Em vez de aula, revisão de conteúdo
Levantamento realizado em 11 estados e no Distrito Federal mostra que 80 escolas transformaram o 3º ano do ensino médio em uma etapa de preparação para o Enem
Marina Kuzuyabu
Criado para ser um instrumento de avaliação da qualidade do ensino médio, o Exame Nacional do Ensino Médio (Enem) se converteu hoje em um sistema de ranqueamento de escolas públicas e privadas, segundo o especialista em legislação de ensino Moaci Alves Carneiro. “O Ministério da Educação (MEC) não sabe o que fazer com os dados, que deveriam ser usados para reverter as fragilidades e deformações expostas.

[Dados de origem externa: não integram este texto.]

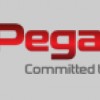 PegaSync Alarm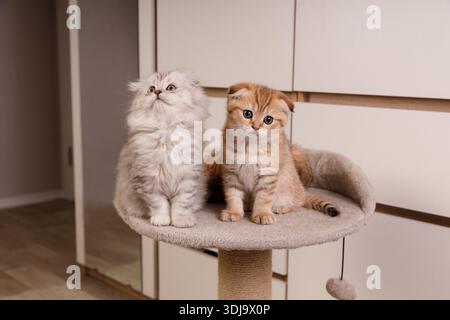A silver fluffy Scottish Fold kitten and a ginger tabby Scottish Fold kitten sitting side by side on a beige scratching post tower indoors. Stock Photo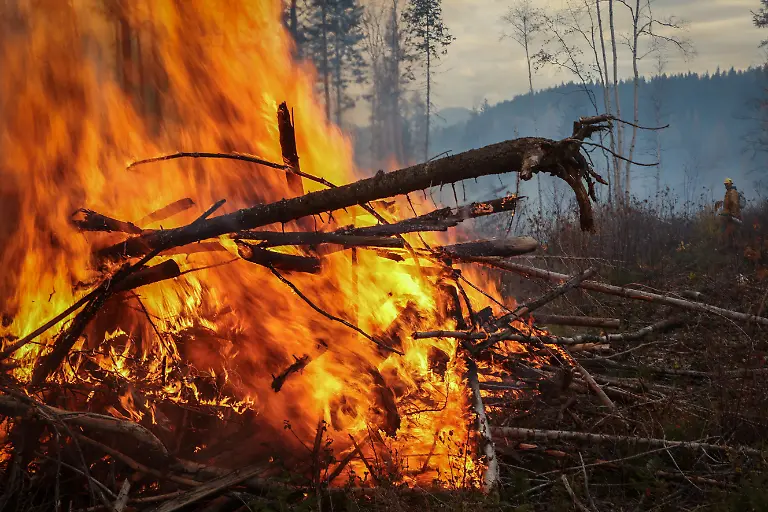 2024-06-06T100207Z-1811516448-RC2RZ3AC3TZP-RTRMADP-3-USA-PRISONS-FIREFIGHTERS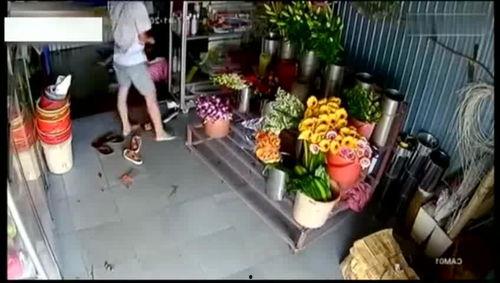 鲜花店老板吃瓜视频大全,趣味视频大盘点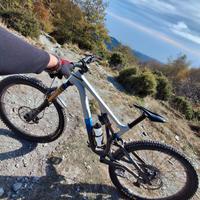 telaio s4 stumpjumper evo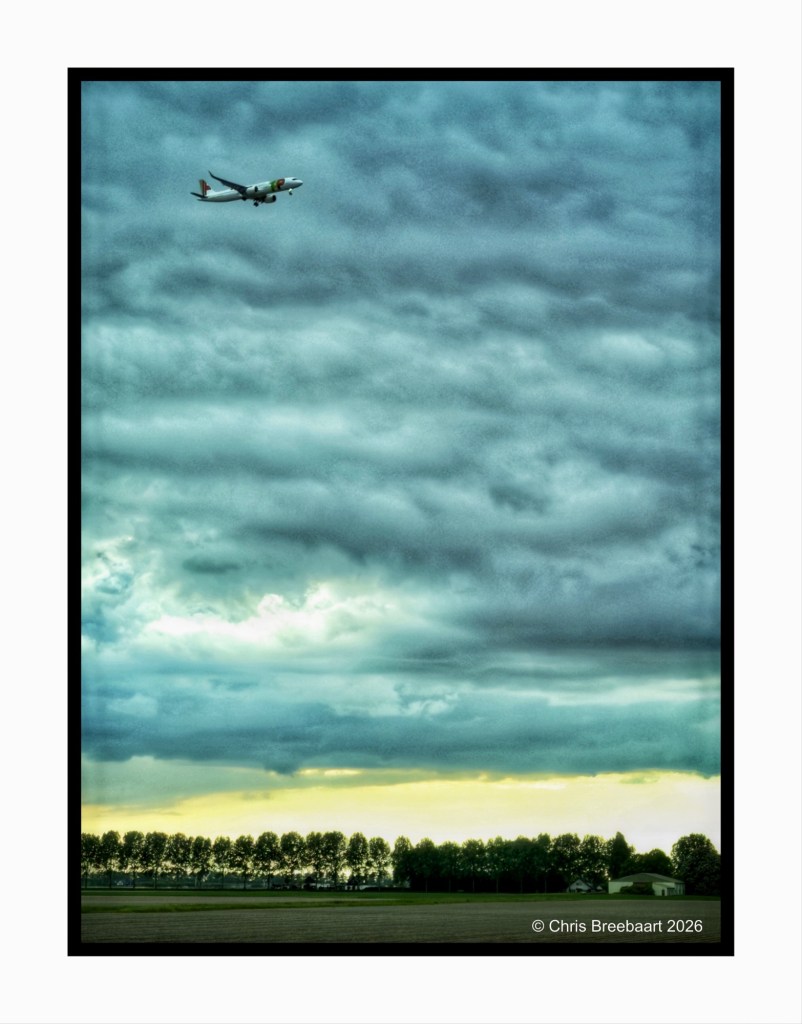 An airplane flying low against a backdrop of cloudy skies and a horizon featuring a line of trees.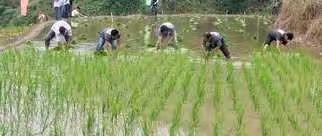 我的少年“糗事”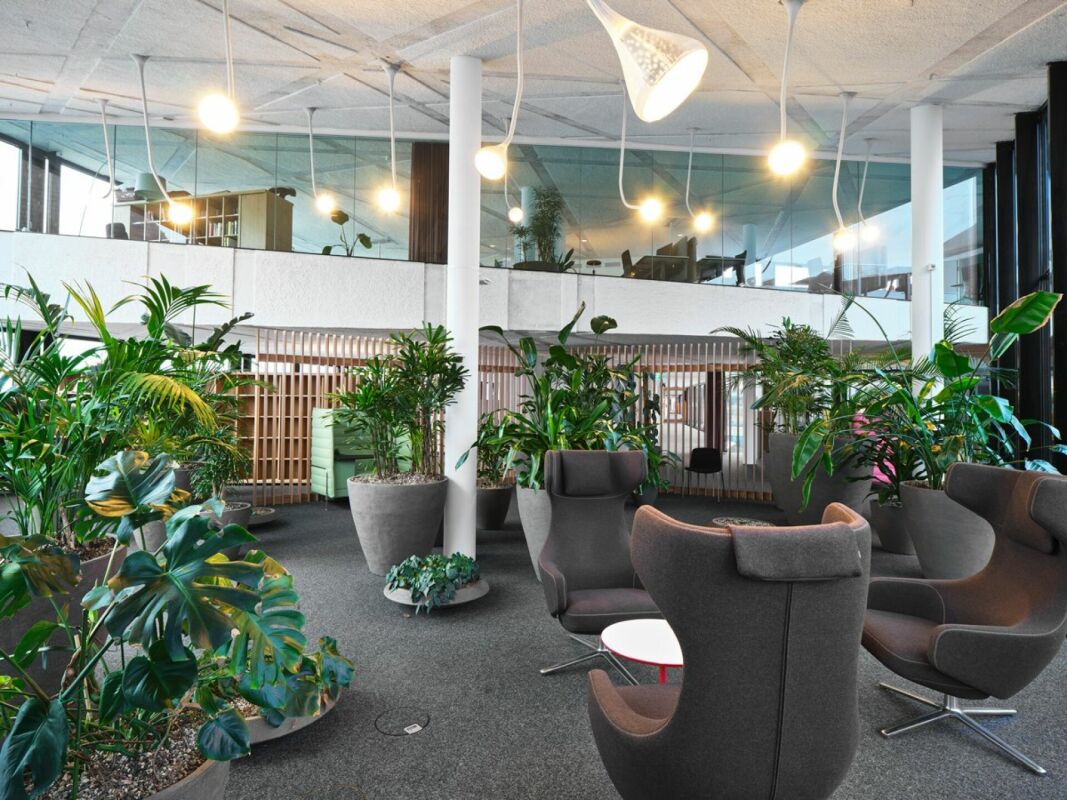 450m² ufficio, foto 4 di 8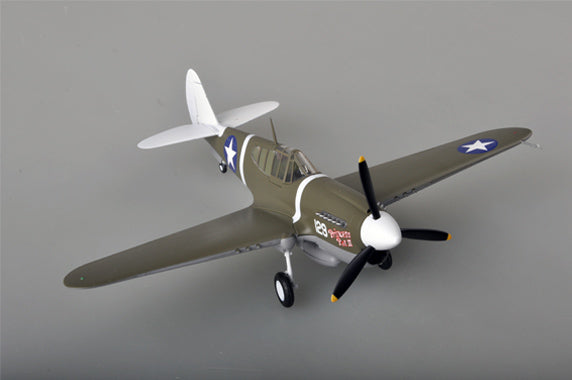 prebuilt 1/48 scale P-40 Warhawk aircraft model 39311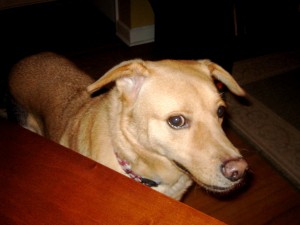 Yellow Lab Mix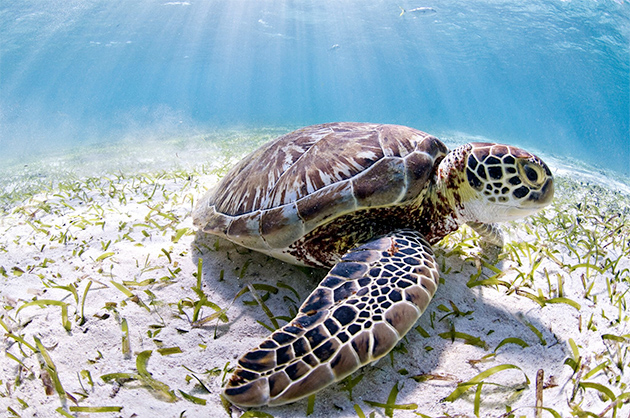 International Attention Focused on Vulnerability of Belize Barrier Reef Reserve System International Attention Focused on Vulnerability of Belize Barrier Reef Reserve System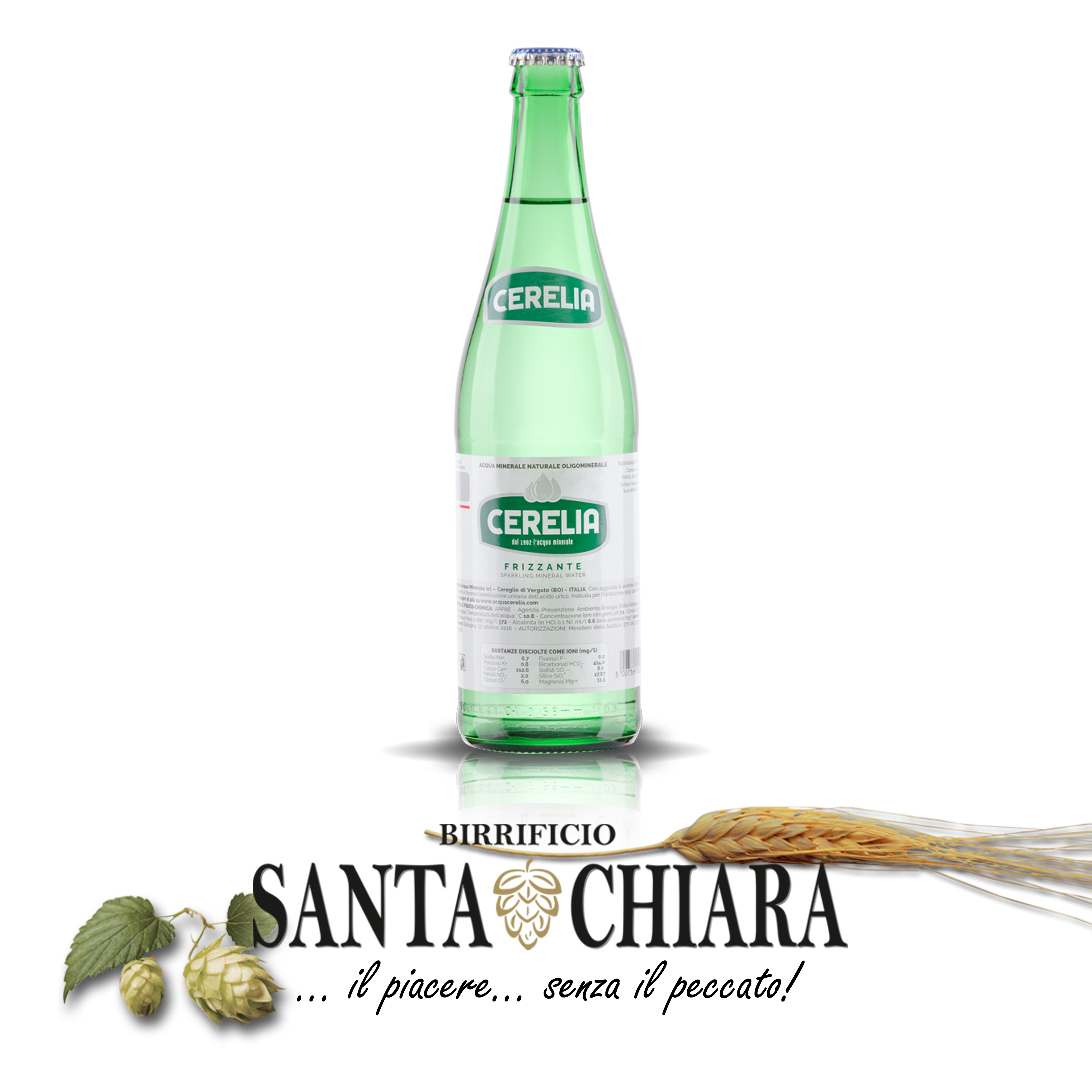 Acqua Gassata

Desse ponto de vista, é uma avaliação inútil, que não serve para orientar”, acrescenta o ex-diretor do Fundo Nacional de Desenvolvimento de Educação (FNDE) e consultor de órgãos como o Ministério da Educação (MEC), o Conselho Nacional de Secretários de Educação (Consed) e Conselho de Reitores das Universidades Brasileiras (Crub).
Em vez de ser corrigida, essa distorção está provocando outra deformação, que é a decisão de algumas escolas de focar seus esforços na preparação dos alunos para o exame. Levantamento feito pelo Laboratório de Estudos Interdisciplinares (LEI), grupo independente criado há quase cinco anos para produzir pesquisas na área da educação, identificou 80 escolas que transformaram o 3º ano do ensino médio em uma etapa de revisão para o Enem.

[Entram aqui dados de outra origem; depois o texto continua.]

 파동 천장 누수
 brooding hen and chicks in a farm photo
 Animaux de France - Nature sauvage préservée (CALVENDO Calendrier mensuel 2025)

Carneiro, que é um dos integrantes do grupo sediado em Brasília (DF), informa que a maioria das instituições está localizada nos estados de São Paulo, Rio de Janeiro e Minas Gerais. O nome das escolas não foi e nem será divulgado sob o argumento de que o objetivo não é expor as escolas, mas sim apontar o problema.

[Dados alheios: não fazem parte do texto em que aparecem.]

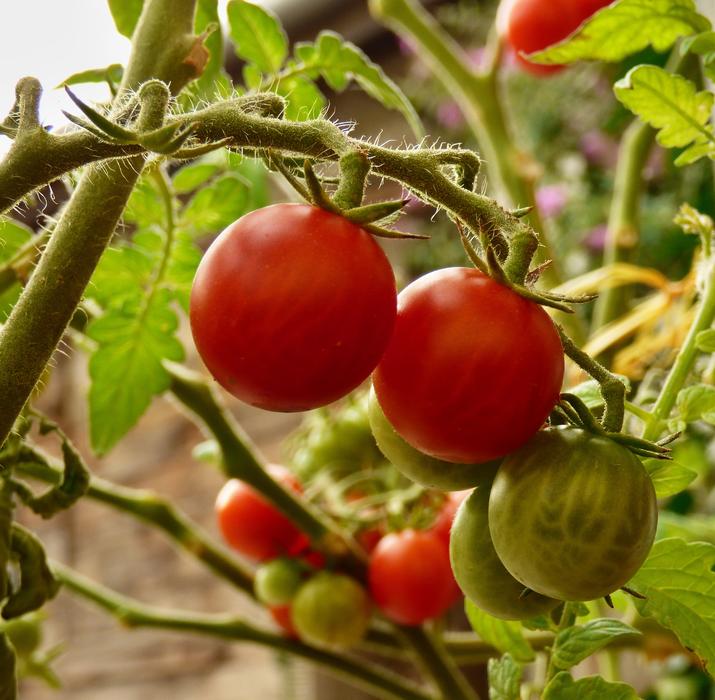 Close-up of the colorful, shiny tomatoes on the plants with green leaves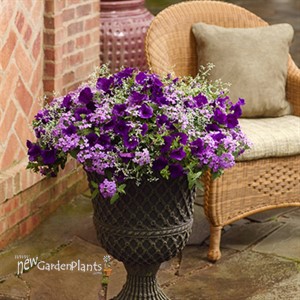 'Diamond Frost' PW or 'Hip Hop'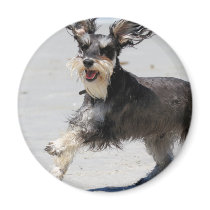 Schnauzer - Jr is a Happy Boy! Magnet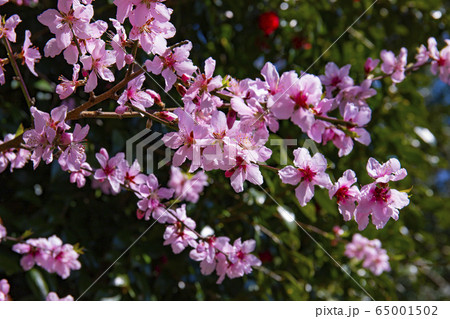 アーモンドの花 65001502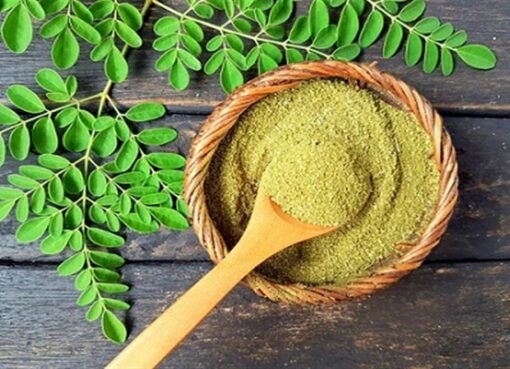 عشبة المورينجا: الحل الطبيعي للوقاية من الزهايمر وعلاج 40 مرضًا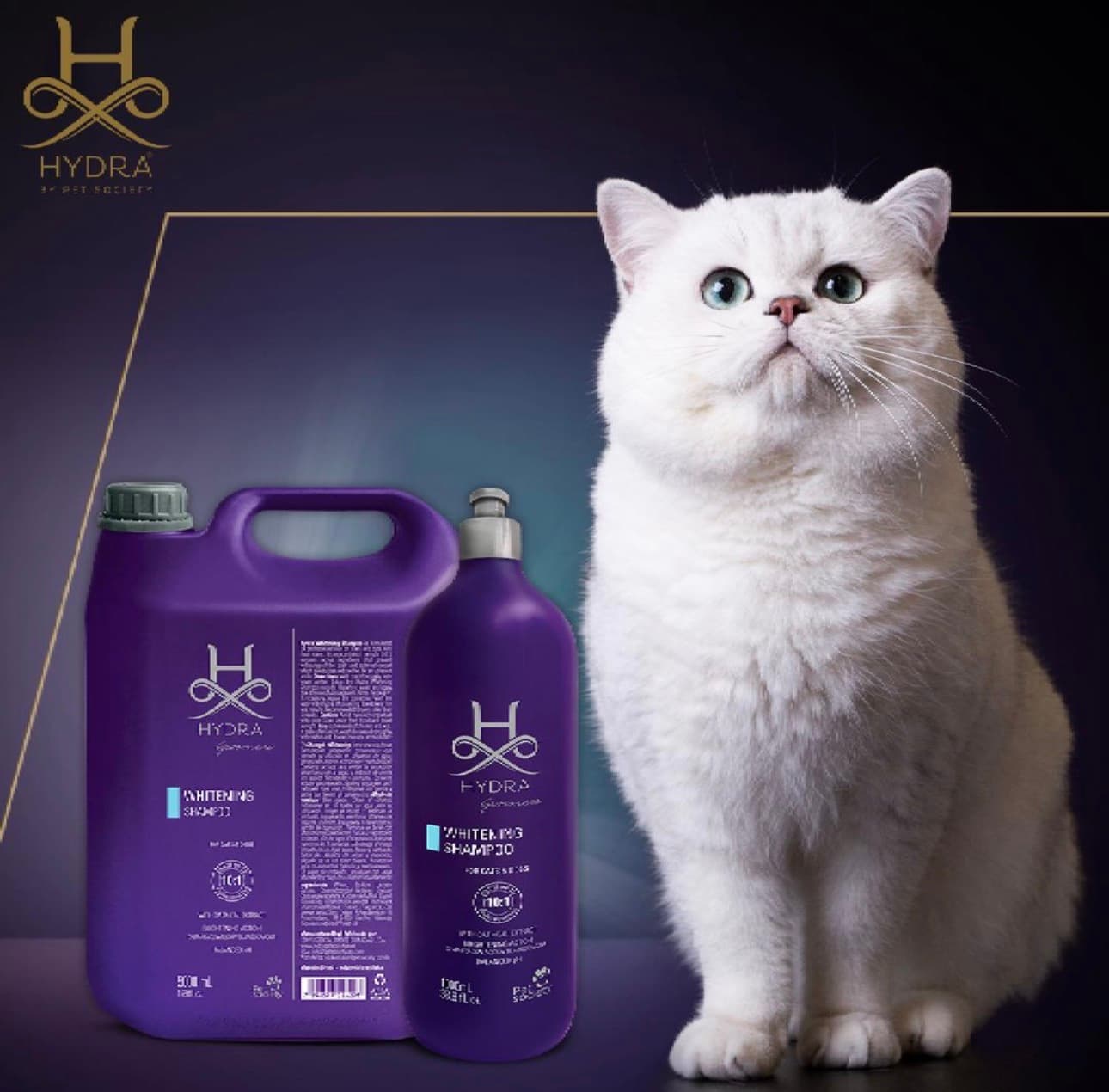 Cat Grooming Services in Gurgaon sec 65 Emerald plaza near Avenue 65 Mall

A pesquisa foi feita pelos próprios pesquisadores do laboratório – quase todos professores doutores aposentados –, em 11 estados brasileiros, além do Distrito Federal. Em cada local, foram analisadas 12 escolas, sendo seis particulares, quatro estaduais públicas e duas estaduais federais.
Entre as particulares, verificou-se que 92% delas estão usando o último ano para preparar os estudantes para o Enem. Entre as públicas estaduais, esse percentual é de 12% e, nas federais, de 78%. “Essas escolas estão organizando o ensino médio à margem da legislação. A Lei de Diretrizes e Bases (LDB) diz que a duração dessa etapa deve ser de no mínimo três anos, mas o que está acontecendo é a concentração do currículo em dois anos. Estamos encurtando o tempo de formação”, alerta.
O mapeamento também verificou que o conteúdo do Enem se tornou o elemento de referência para as escolas, que desde o 1º ano, no caso das instituições privadas, se planejam para ensinar ao aluno o que vai na cair na prova. “Contrariamente às orientações do MEC, as escolas estão esquartejando o currículo do ensino médio”, enfatiza.
Como avaliar sistemas desiguais
Como instrumento de avaliação, o Enem também é criticado por não considerar as diferenças existentes entre as redes de escolas. “Não temos no Brasil um sistema de ensino, mas redes de escolas que vivem em realidades discrepantes. Cada vez que sai o resultado do Enem se vê uma profunda penalização das escolas públicas e seus professores”, fala Carneiro. O especialista acredita que deveriam ser criadas formas de avaliação que contemplassem essas diferenças, pois a adoção de um único parâmetro produz e continuará produzindo injustiças.
Outro desafio é aproximar os professores da avaliação, o que poderia ser feito via Consed e União Nacional dos Dirigentes Municipais de Educação (Undime). “O professor, que muitas vezes é informado dos resultados de sua escola pela imprensa, não se vê implicado no processo, uma vez que ele não participou da elaboração do sistema de avaliação, nem de maneira indireta”, relata.
No ano passado, mais de 7 milhões de estudantes prestaram a prova, 23% a mais que em 2012. Além de medir o conhecimento dos alunos e, consequentemente, a qualidade das escolas, a prova também é usada pelos estudantes para obter o diploma do ensino médio e para o acesso a universidades.